[Collected data]
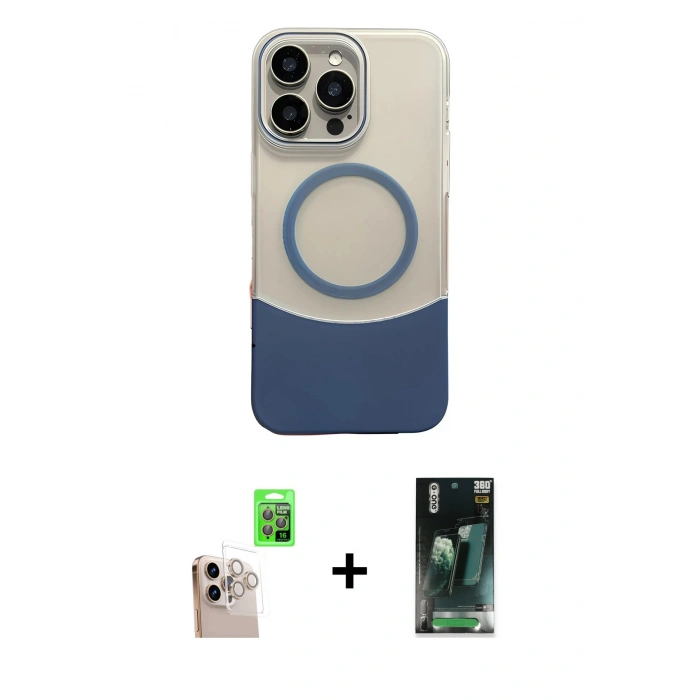 MARSİLYAN™- iPhone 16 Pro Max Kılıf Kozmos Form Özel Seri - Siyah 360 Mat Full Body Arka Koruyucu + Raze Metal Kamera Lens - NLGY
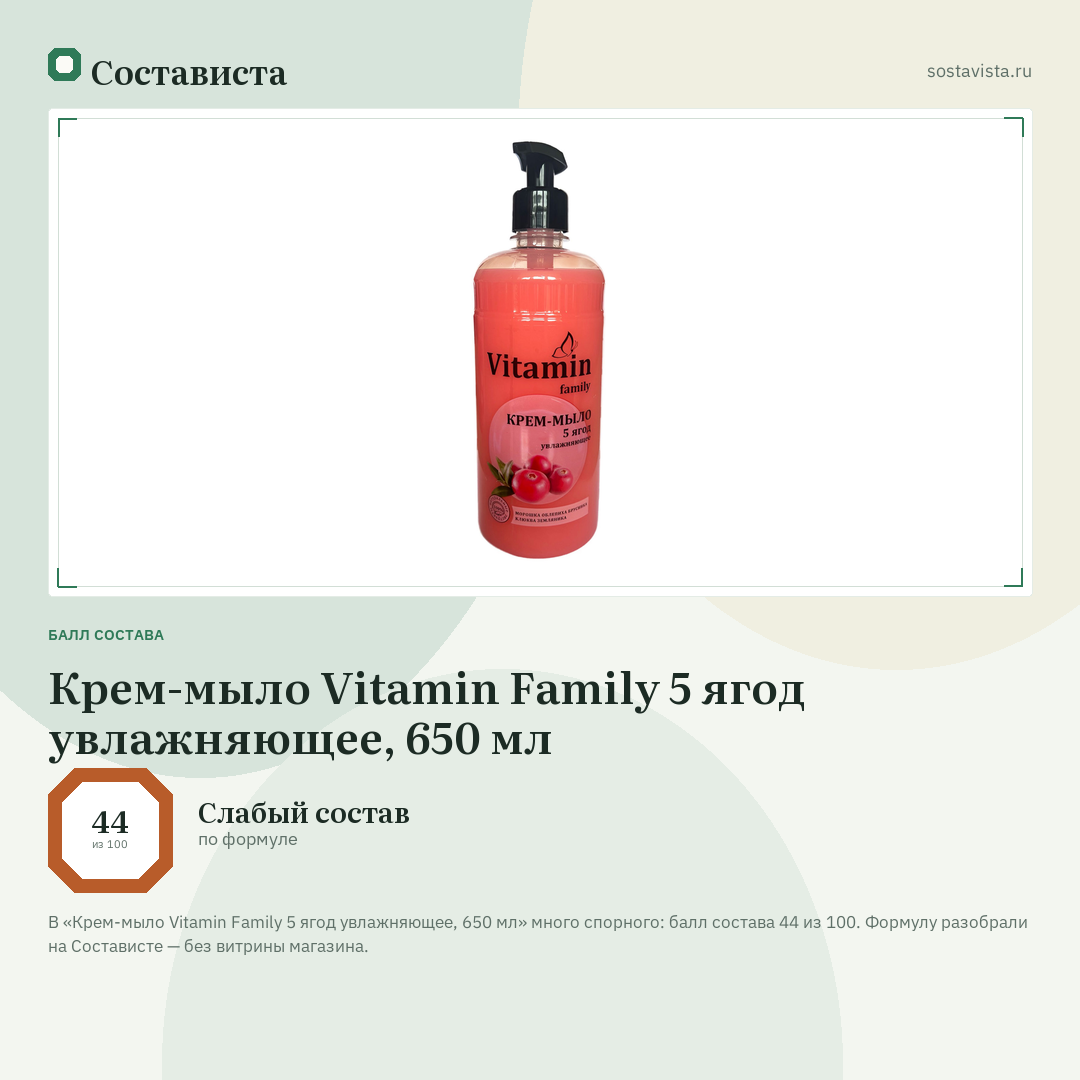 Крем-мыло Vitamin Family 5 ягод увлажняющее, 650 мл: балл состава 44 из 100 — Состависта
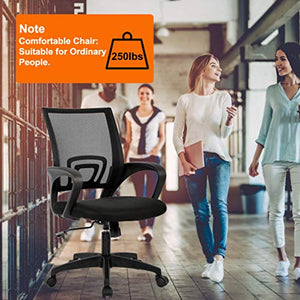 Office Chair Ergonomic Desk Chair Mesh Computer Chair with Lumbar Support Armrest Executive Rolling Swivel Adjustable Mid Back Task Chair for Women Adults, Black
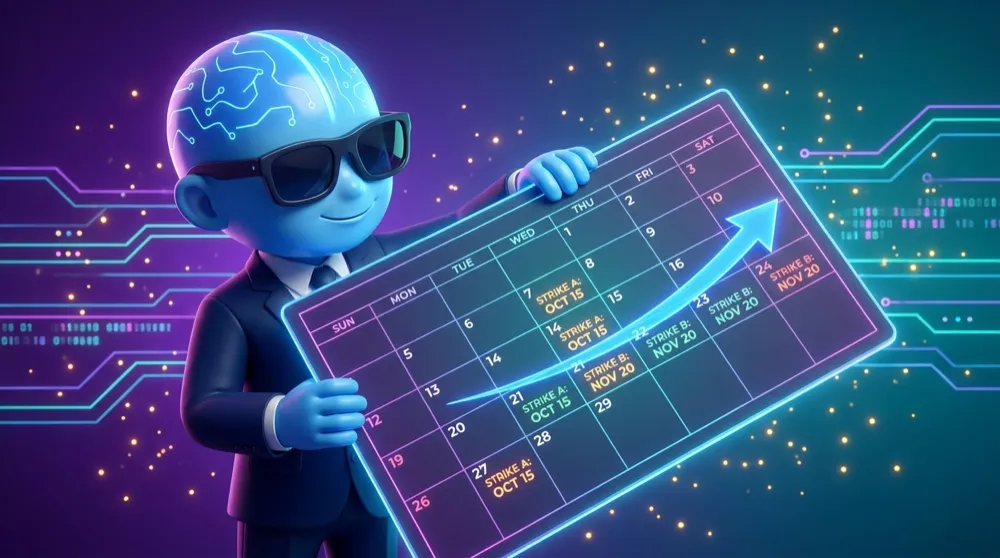 The blue AI Mentor tilting a calendar spread diagram so its two legs sit at different strikes and dates, an arrow showing a gentle directional lean
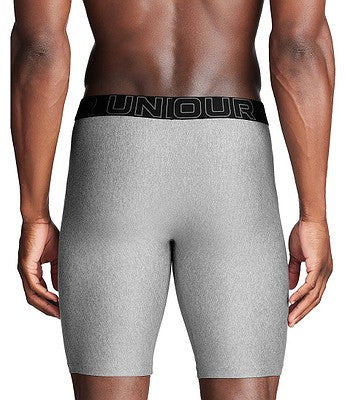 Combo de 3 Boxers Briefs Under Armour 🏋🏽 Tela Performance Tech de 9” de largo color negro, gris claro y oscuro Talla M
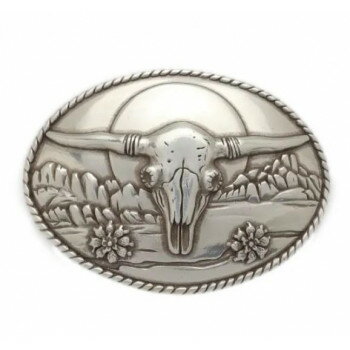トロフィースタイルバックル 荒野のホーンスカル ニッケル 1ヶ PI1770-02【メーカー直送：代金引換不可：同梱不可】【北海道・沖縄・離島は配達不可】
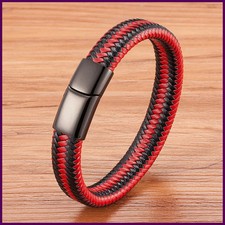 Bracciale Uomo Pelle XQNI Classic Timeless 3 Colori Bottone Acciaio Inox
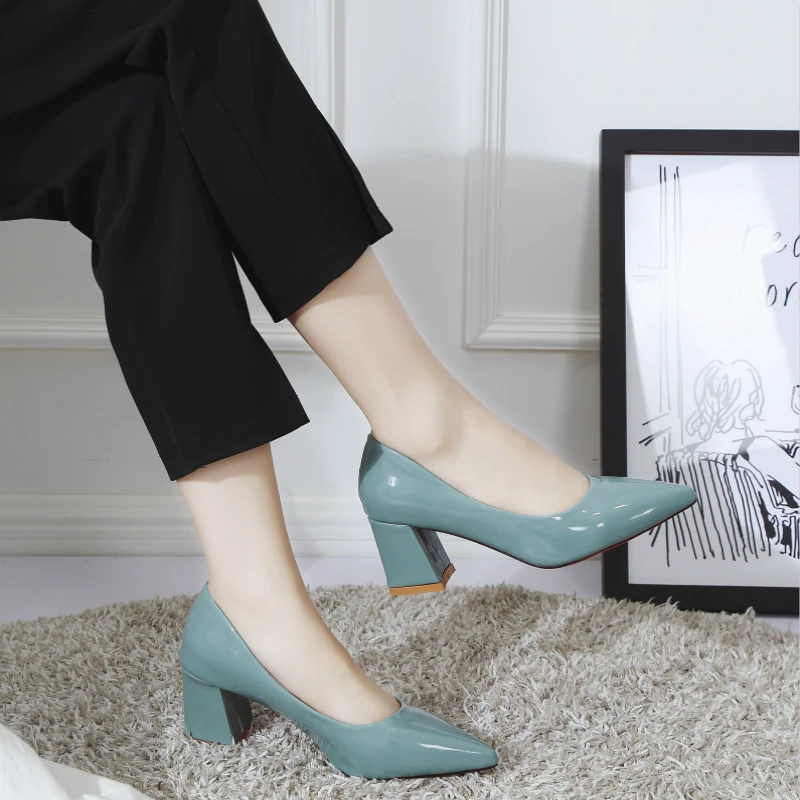 

Spring and autumn new large size shallow mouth high heel single shoes pointed patent leather high heels fashion wild sexy comfor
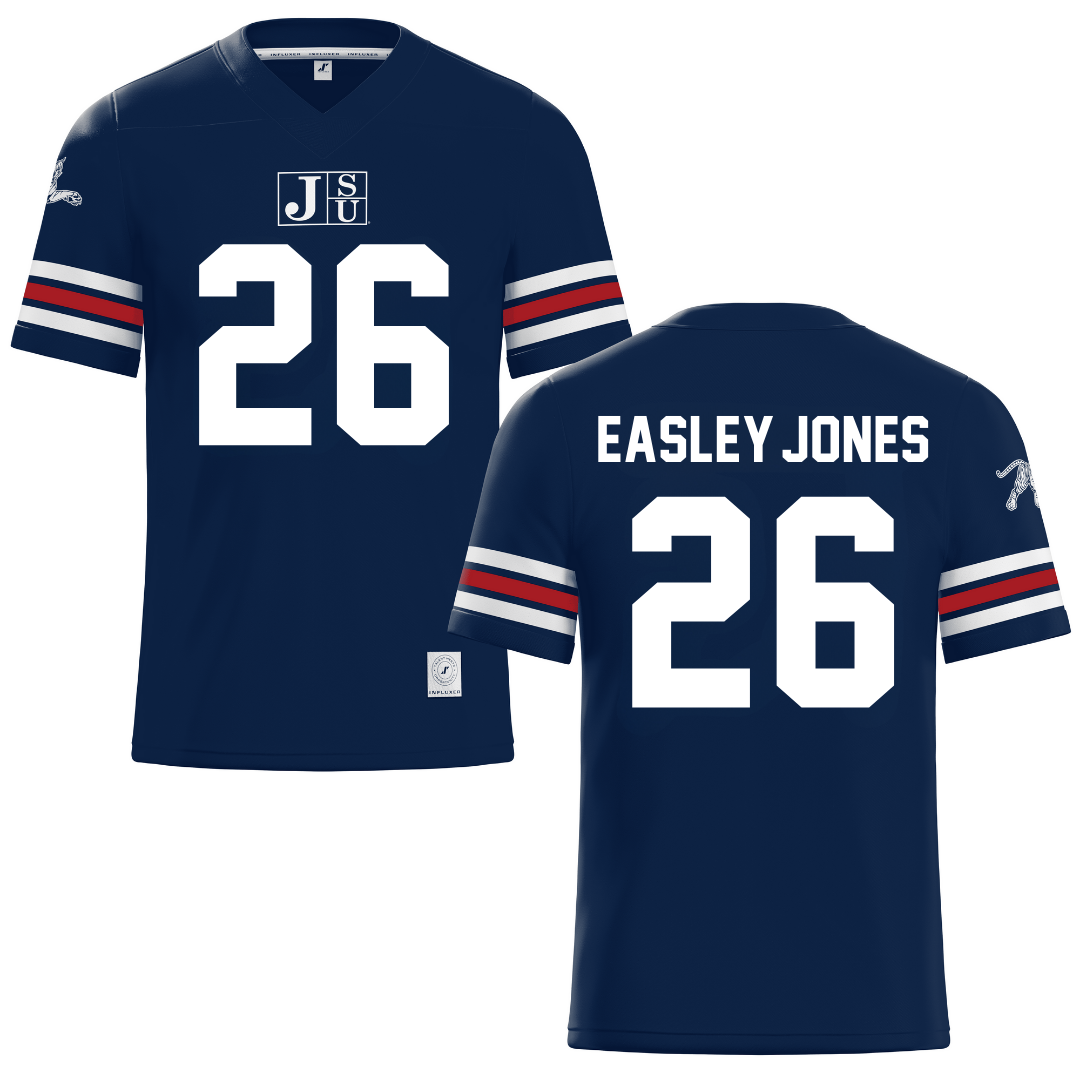Jackson State University Navy Football Jersey - #26 Tavarious Easley-Jones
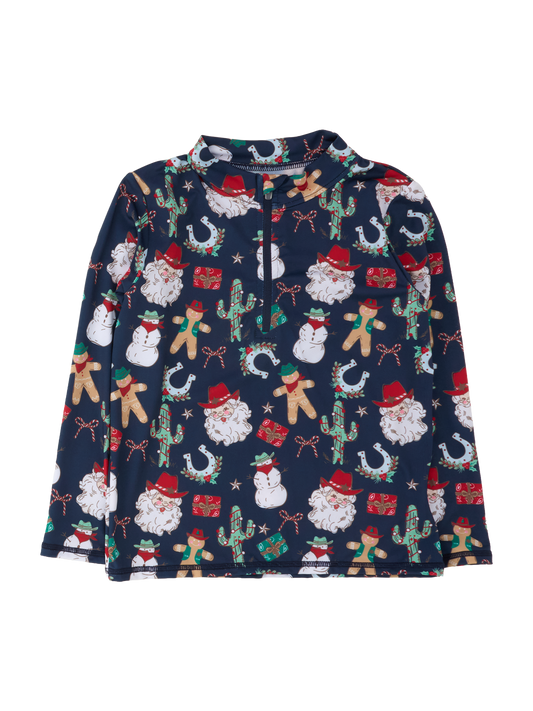 A long-sleeve quarter-zip pullover top with a festive Christmas print on a navy blue background, featuring Santa Claus, snowmen, cacti, gingerbread cookies, and horseshoes.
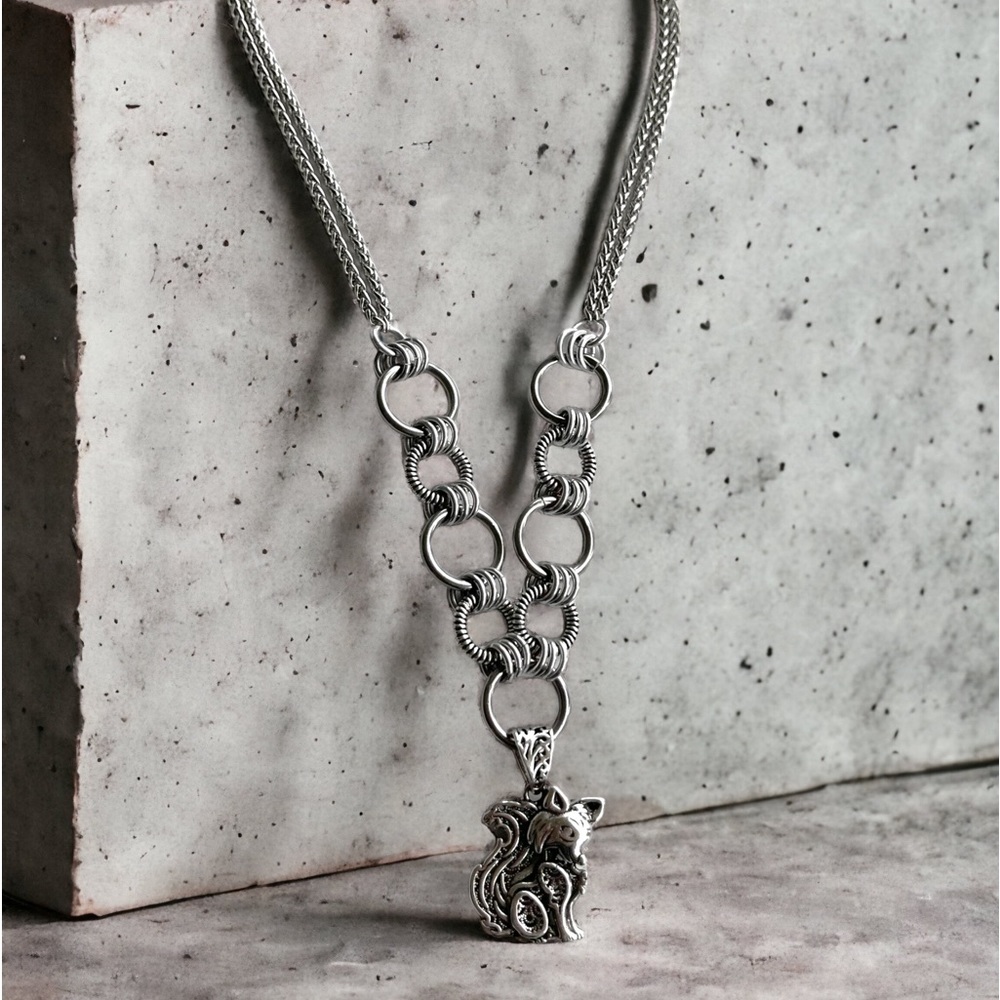 Handmade maille stainless steel necklace double wheat chain + fox design charm - Picture 12 of 15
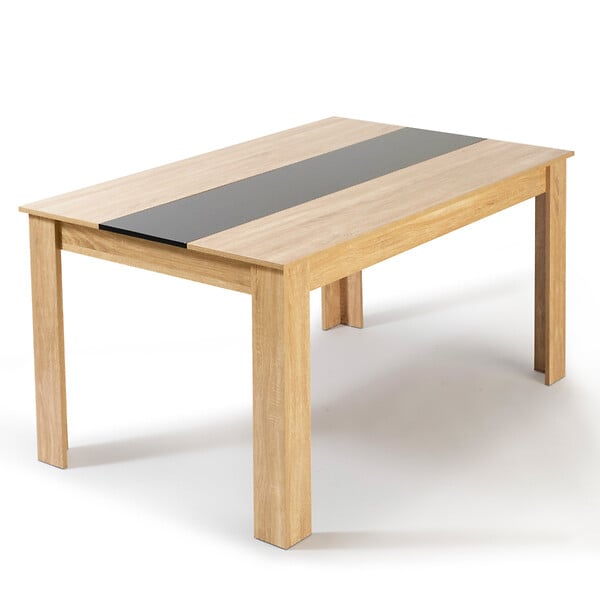 ID MARKET - Ensemble table à manger GEORGIA 140 cm imitation hêtre et noire et 6 chaises ROMANE noires - large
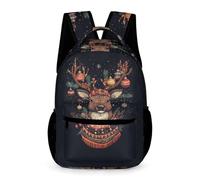 WECECE Mochila de Patrón de Navidad Ciervo Niños Niñas Curso 2-5 Mochila Primaria Reno 2-5 Curso 7-13 Años Bookbag Bolsillo Frontal Práctico Cosas de Colegio Botella Paseo Viaje Colegio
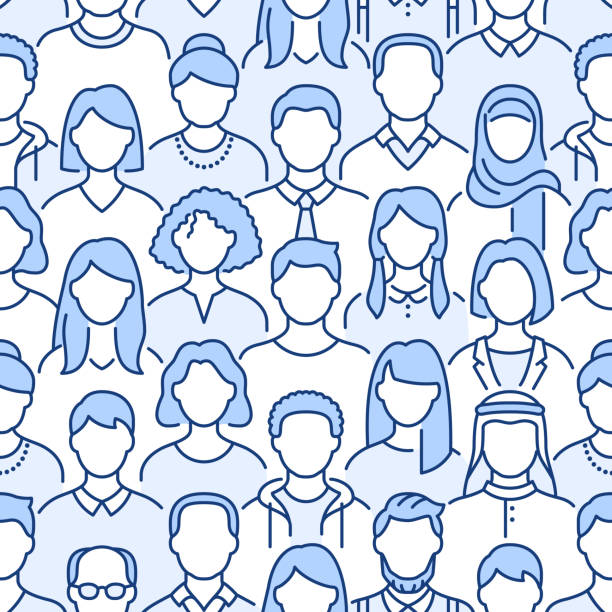 ilustrações de stock, clip art, desenhos animados e ícones de crowd of people vector seamless pattern. monochrome background with diverse unrecognizable business men, woman line icons. blue white color illustration - large group of people illustrations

* _What you will do_
Reproduce exactly the entries from their first line through the line containing "Крем-мыло Vitamin Family", including both, and omit any pictures.

* _Solution to the problem_
 MARSİLYAN™- iPhone 16 Pro Max Kılıf Kozmos Form Özel Seri - Siyah 360 Mat Full Body Arka Koruyucu + Raze Metal Kamera Lens - NLGY
 Крем-мыло Vitamin Family 5 ягод увлажняющее, 650 мл: балл состава 44 из 100 — Состависта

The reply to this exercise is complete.